Another hospital visit.

This past weekend, Devin ended up in the hospital again.

It started as an innocent doctor's appointment. After weeks of back and forth on whether we were going to send him for a second opinion, an episode in Wal-Mart sent us into panic and we decided that we would definitely make an appointment.

We went on Friday afternoon for the appointment. It was with a pediatrician in Winterville. We thought we'd go, sit down with her and tell her what we've been seeing and she'd either recommend us to a specialist of some sort or send us home and tell us we've lost our mind.

Instead, she sent us straight to the hospital.

It kind of freaked me out.

First of all, it's hard to explain what exactly is going on with Devin so we always have trouble explaining it because we really don't know. All we know is something isn't right.

This doctor was great. She sat down and talked with us and really let us go through the full story, from birth to now. She stepped out and looked at the hospital records and came back and agreed, the things that happened at the hospital didn't seem right.

It wasn't until she found out about some things in Allen's family that she became concerned enough to admit Devin in the hospital.

Devin has some choking issues and they seem to come from out of the blue. Sometimes he chokes for no reason. He isn't eating or anything. We also have an extremely hard time feeding him. We were told he as acid reflux so our initial thought was that all this mess is attributed to that.

In the hospital after he was born, Allen told the doctor that his family has this esophagul trachea defect in his family. He has had two siblings die with that. Apparently this is when milk goes into the lungs due to some defect. We were concerned Devin had it. The doctor, however, said there was no way he had it because if he did, he would not be able to get the feeding tube in. That made us feel better and we moved on and didn't think twice about it.
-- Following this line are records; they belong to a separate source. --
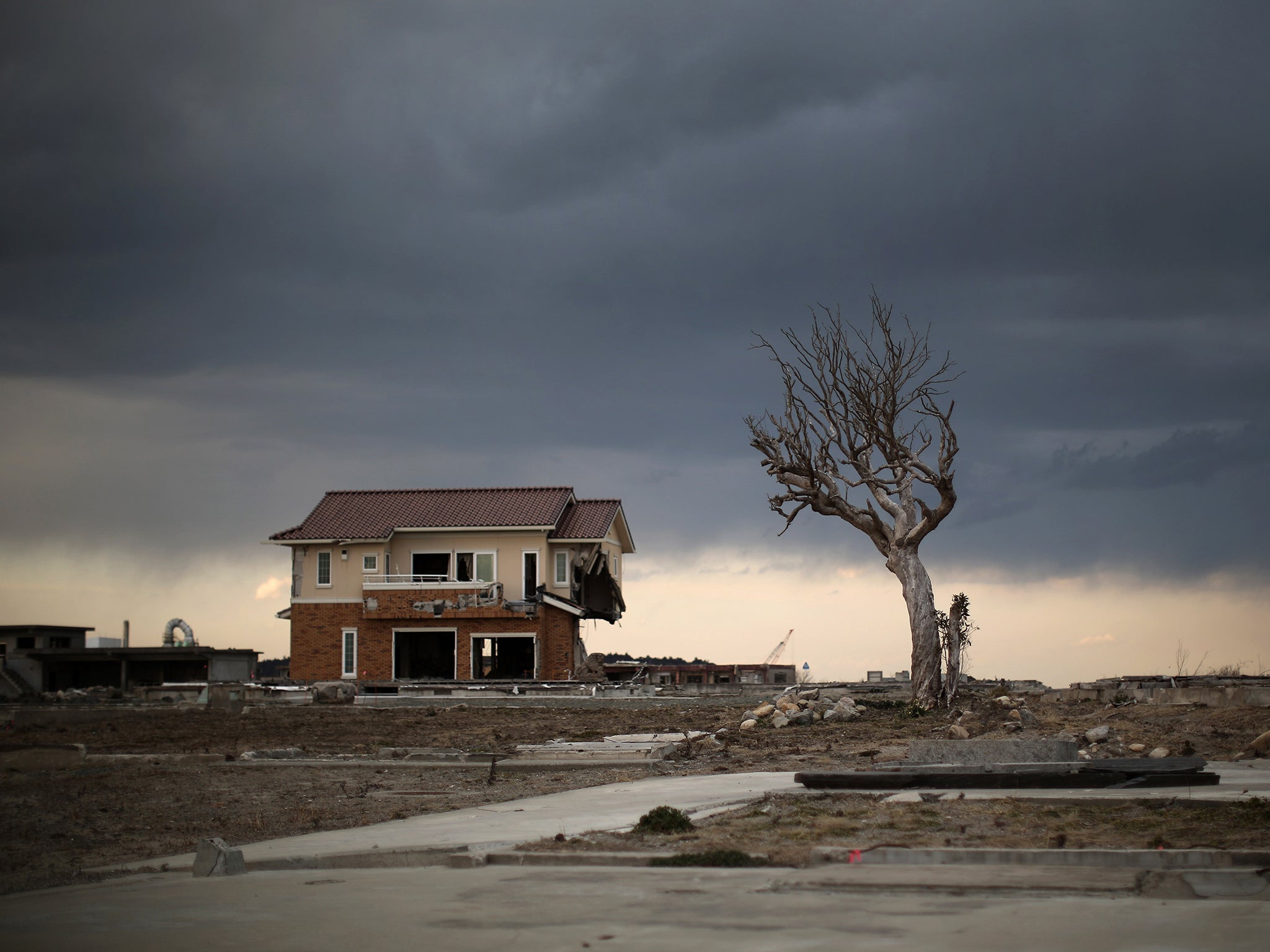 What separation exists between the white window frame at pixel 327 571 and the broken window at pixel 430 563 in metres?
3.27

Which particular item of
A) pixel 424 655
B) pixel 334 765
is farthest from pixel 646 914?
pixel 424 655

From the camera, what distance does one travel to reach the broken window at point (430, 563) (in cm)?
4884

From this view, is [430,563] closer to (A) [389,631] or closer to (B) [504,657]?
(A) [389,631]

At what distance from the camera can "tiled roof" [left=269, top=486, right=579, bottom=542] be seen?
48.2 meters

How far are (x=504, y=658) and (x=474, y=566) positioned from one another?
16.3 ft

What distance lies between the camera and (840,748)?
60.3 ft

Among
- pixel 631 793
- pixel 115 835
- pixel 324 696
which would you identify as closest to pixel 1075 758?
pixel 631 793

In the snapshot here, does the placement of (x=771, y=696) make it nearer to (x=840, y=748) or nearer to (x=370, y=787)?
(x=840, y=748)

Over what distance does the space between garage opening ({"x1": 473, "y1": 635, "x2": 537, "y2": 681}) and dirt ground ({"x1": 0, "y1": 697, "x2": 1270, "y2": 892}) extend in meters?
15.2

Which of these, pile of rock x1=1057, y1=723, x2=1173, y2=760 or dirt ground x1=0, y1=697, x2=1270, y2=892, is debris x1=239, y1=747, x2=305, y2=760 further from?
pile of rock x1=1057, y1=723, x2=1173, y2=760

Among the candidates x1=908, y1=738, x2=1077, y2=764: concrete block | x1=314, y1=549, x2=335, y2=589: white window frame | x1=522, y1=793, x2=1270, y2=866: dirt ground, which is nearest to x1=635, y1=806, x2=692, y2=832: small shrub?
x1=522, y1=793, x2=1270, y2=866: dirt ground

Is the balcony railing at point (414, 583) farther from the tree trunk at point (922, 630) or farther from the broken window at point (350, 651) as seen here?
the tree trunk at point (922, 630)

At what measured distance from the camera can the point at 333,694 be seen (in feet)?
121

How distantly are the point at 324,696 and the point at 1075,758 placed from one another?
2815cm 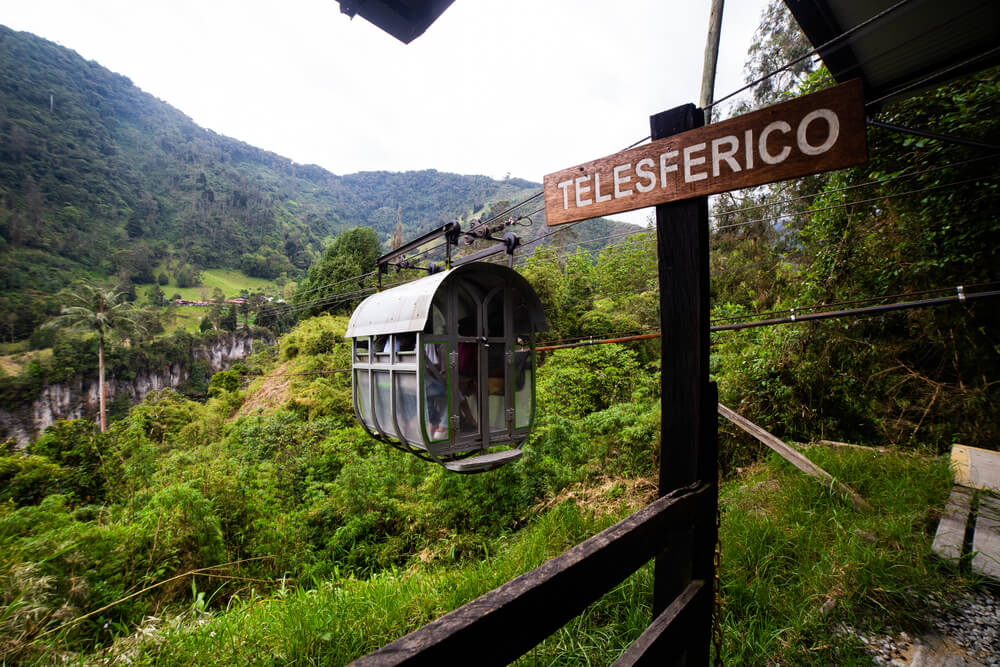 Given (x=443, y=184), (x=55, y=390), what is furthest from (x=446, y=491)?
(x=443, y=184)

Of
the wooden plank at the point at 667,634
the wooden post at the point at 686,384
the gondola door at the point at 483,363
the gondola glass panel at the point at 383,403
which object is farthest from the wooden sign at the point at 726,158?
the gondola glass panel at the point at 383,403

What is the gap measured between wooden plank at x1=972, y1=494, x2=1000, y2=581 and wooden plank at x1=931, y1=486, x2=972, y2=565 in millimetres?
72

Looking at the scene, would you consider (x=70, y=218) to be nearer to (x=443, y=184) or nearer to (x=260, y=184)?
(x=260, y=184)

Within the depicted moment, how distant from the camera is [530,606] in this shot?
89 cm

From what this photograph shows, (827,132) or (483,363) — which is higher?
(827,132)

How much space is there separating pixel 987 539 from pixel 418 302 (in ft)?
17.3

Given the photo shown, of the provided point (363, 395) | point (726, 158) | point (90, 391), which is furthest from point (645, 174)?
point (90, 391)

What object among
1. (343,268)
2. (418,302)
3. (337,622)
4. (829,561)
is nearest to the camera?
(337,622)

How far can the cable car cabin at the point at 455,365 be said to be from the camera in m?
4.44

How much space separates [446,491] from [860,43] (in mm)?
7246

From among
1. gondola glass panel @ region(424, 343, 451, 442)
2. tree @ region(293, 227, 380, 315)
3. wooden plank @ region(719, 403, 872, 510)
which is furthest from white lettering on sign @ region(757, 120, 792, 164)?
tree @ region(293, 227, 380, 315)

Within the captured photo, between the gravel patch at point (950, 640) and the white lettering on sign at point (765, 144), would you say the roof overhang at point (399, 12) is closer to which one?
the white lettering on sign at point (765, 144)

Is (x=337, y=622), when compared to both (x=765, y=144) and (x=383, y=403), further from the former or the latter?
(x=765, y=144)

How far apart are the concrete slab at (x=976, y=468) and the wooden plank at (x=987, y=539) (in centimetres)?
25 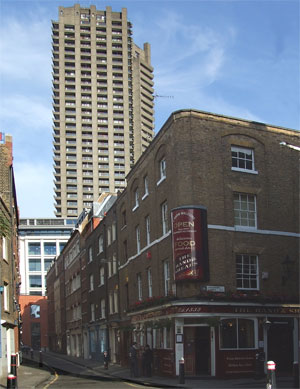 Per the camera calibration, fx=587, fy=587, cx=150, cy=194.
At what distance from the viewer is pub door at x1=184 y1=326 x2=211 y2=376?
89.3ft

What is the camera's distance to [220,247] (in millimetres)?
28375

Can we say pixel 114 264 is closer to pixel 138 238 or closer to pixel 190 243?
pixel 138 238

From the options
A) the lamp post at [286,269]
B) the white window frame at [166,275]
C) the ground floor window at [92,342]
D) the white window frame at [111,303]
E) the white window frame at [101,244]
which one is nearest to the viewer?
the lamp post at [286,269]

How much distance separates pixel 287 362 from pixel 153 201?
10993 millimetres

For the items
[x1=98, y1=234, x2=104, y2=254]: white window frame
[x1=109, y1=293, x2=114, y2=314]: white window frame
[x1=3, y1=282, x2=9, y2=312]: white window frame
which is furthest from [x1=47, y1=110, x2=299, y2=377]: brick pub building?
[x1=98, y1=234, x2=104, y2=254]: white window frame

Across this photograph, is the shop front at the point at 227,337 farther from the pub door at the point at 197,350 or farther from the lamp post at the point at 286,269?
the lamp post at the point at 286,269

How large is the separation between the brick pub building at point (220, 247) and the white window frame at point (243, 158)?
0.05 metres

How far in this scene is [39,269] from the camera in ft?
383

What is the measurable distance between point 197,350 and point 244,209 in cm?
746

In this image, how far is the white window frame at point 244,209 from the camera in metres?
29.8

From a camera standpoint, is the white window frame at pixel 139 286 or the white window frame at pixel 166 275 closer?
the white window frame at pixel 166 275

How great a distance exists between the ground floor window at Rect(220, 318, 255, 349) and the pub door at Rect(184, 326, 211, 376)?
90cm

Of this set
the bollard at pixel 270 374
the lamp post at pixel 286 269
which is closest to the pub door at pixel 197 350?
the lamp post at pixel 286 269

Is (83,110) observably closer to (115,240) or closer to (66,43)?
(66,43) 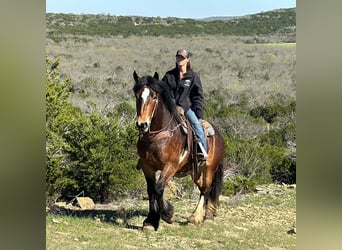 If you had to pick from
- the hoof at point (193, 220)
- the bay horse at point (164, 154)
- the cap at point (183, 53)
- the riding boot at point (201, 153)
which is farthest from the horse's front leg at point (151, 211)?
the cap at point (183, 53)

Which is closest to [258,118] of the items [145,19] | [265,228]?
[265,228]

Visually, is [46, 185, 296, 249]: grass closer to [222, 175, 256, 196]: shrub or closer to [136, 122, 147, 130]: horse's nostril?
[222, 175, 256, 196]: shrub

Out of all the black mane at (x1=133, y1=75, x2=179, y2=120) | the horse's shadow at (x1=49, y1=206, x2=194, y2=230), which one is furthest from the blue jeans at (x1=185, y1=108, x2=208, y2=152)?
the horse's shadow at (x1=49, y1=206, x2=194, y2=230)

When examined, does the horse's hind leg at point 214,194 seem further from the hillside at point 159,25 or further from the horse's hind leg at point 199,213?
the hillside at point 159,25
However, when we were telling this doctor the story, she got really wide eyed and said that was not true, that there were actually two different types of that defect. A feeding tube would rule out one of them but not the other. That's where she became concerned and sent Devin to the hospital. That, and the fact she was hearing his heart beat on the wrong side. That is something else that is common in Allen's family and I cannot think of the name of it.

Turns out, Devin's organs are in the correct place. Maybe his heart is so giant that you can hear it on the other side!
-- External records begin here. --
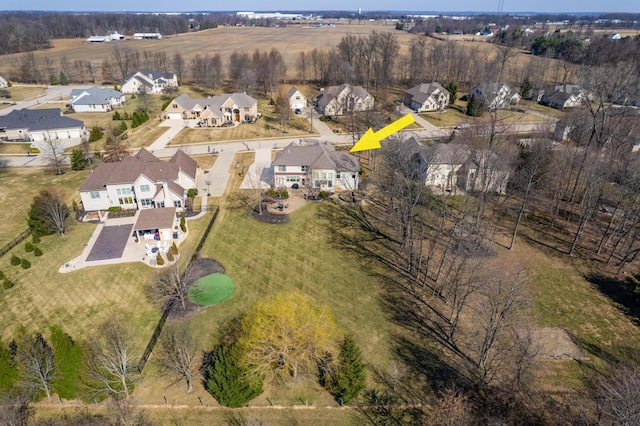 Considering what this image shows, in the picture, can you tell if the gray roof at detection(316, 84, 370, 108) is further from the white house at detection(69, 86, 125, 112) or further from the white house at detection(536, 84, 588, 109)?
the white house at detection(69, 86, 125, 112)

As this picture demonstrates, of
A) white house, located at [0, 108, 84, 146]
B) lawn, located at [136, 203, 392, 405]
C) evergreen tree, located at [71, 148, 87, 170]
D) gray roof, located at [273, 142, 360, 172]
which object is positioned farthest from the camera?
white house, located at [0, 108, 84, 146]

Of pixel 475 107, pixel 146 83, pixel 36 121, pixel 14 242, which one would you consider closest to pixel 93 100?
pixel 146 83

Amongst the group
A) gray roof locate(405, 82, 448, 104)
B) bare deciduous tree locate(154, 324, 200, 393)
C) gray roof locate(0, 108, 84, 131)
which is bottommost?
bare deciduous tree locate(154, 324, 200, 393)

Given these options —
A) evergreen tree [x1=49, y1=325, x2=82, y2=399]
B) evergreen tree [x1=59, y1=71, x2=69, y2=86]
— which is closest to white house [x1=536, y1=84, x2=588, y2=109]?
evergreen tree [x1=49, y1=325, x2=82, y2=399]

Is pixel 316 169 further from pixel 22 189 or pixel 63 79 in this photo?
pixel 63 79

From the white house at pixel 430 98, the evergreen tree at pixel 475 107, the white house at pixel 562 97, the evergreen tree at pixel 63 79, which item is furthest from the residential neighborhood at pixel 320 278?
the evergreen tree at pixel 63 79

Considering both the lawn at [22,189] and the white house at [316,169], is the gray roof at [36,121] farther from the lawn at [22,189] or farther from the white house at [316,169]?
the white house at [316,169]
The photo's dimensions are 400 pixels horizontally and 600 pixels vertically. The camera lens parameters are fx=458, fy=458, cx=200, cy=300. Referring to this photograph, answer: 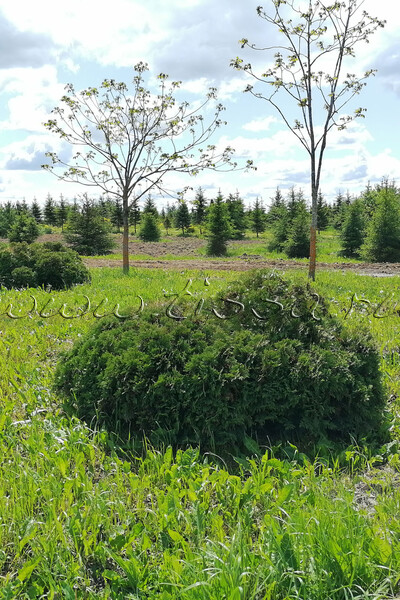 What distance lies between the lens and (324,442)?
11.8 feet

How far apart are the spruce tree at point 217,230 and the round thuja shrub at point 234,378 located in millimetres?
23517

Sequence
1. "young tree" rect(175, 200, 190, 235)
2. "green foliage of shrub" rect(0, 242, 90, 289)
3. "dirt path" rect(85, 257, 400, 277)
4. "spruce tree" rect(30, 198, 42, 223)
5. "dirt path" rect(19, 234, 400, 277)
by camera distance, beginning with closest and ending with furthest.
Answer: "green foliage of shrub" rect(0, 242, 90, 289) → "dirt path" rect(85, 257, 400, 277) → "dirt path" rect(19, 234, 400, 277) → "young tree" rect(175, 200, 190, 235) → "spruce tree" rect(30, 198, 42, 223)

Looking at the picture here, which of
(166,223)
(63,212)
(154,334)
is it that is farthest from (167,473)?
(63,212)

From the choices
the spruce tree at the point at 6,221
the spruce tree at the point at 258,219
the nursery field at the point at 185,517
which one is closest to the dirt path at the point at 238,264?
the nursery field at the point at 185,517

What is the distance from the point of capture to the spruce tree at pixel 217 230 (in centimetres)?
2730

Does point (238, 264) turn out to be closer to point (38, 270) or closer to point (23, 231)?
point (38, 270)

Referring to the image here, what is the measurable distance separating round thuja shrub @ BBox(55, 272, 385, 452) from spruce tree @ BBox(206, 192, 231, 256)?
77.2 ft

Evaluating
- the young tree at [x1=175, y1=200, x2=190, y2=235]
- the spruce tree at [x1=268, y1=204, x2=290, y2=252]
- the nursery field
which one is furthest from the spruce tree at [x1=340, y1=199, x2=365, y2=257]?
the young tree at [x1=175, y1=200, x2=190, y2=235]

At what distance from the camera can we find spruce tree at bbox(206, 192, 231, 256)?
1075 inches

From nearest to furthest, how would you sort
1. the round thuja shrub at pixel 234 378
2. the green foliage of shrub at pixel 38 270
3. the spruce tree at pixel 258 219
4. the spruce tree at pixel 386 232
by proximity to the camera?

Everything also checked out for the esophagul thing too. I felt like that would be okay because if it hadn't, Devin would probably not have lived this long. But, I was glad tests were done to 100% rule it out. Devin had to have 2 x-rays and one other test. But all three came back great and ruled out the stuff the doctor was worried about. That's the good news.

The bad news is we still don't know what's going on. It all falls back to severe acid reflux but Devin has not officially been diagnosed with that and I'm not sure he has as severe a case as people think. There's a lot of symptoms that could be acid reflux but there's others than lead me to believe it's not. So, we're left with just waiting to see if things improve. We did have a feeding team come in and talk to us and give us some suggestions on feeding that would maybe help. They looked at Devin and noticed some rashes that could indicate he's allergic to his formula. He's on a special soy formula because there were concerns he was lactose intolerant. So that may be causing some of the issues. But, again, we don't really know.

We go back this week for a follow up and we are hopeful that we'll be able to talk to the doctor a little more and maybe figure some more things out. But until then, it's still a wait and see game.